**RECORDS PROVIDED**
----

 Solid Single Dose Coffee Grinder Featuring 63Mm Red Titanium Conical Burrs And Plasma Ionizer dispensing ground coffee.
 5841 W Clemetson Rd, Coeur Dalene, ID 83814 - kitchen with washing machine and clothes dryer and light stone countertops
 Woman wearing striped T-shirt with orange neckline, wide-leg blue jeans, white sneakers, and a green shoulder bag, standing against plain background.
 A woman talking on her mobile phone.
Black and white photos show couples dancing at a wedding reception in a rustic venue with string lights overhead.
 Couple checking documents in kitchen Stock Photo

----

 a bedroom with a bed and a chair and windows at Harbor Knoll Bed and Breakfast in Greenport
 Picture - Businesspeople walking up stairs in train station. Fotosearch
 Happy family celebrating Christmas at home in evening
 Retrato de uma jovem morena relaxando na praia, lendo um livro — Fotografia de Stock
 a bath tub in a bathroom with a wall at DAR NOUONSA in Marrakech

----

**EXERCISE REQUIREMENTS**
Your answer should consist solely of the lines above from the line with "A woman talking on her mobile phone." to the line with "Couple checking documents", both included, reproduced exactly.

**ANSWER TO THIS EXERCISE**
 A woman talking on her mobile phone.
Black and white photos show couples dancing at a wedding reception in a rustic venue with string lights overhead.
 Couple checking documents in kitchen Stock Photo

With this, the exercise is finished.